> **Task inputs**:
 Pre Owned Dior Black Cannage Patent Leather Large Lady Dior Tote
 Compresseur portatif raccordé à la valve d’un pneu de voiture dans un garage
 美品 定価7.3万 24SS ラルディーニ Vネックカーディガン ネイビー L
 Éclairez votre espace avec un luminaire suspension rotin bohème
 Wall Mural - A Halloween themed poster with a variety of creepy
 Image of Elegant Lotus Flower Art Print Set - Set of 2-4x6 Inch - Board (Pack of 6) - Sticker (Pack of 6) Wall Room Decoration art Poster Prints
--
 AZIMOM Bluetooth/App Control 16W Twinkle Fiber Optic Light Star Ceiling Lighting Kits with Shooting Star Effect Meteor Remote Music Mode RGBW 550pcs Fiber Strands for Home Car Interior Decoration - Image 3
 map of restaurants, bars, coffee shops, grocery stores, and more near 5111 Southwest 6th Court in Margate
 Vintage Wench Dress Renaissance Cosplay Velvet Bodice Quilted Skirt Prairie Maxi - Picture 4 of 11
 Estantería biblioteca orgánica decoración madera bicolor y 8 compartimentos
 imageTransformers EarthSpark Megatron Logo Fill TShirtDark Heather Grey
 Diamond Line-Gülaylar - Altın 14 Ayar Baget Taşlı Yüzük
...
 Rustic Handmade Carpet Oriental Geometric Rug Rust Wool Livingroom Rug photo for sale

> **Action item**: Find every line above where the word "with" occurs, and copy that line.

> **Written solution**:
 Wall Mural - A Halloween themed poster with a variety of creepy
 AZIMOM Bluetooth/App Control 16W Twinkle Fiber Optic Light Star Ceiling Lighting Kits with Shooting Star Effect Meteor Remote Music Mode RGBW 550pcs Fiber Strands for Home Car Interior Decoration - Image 3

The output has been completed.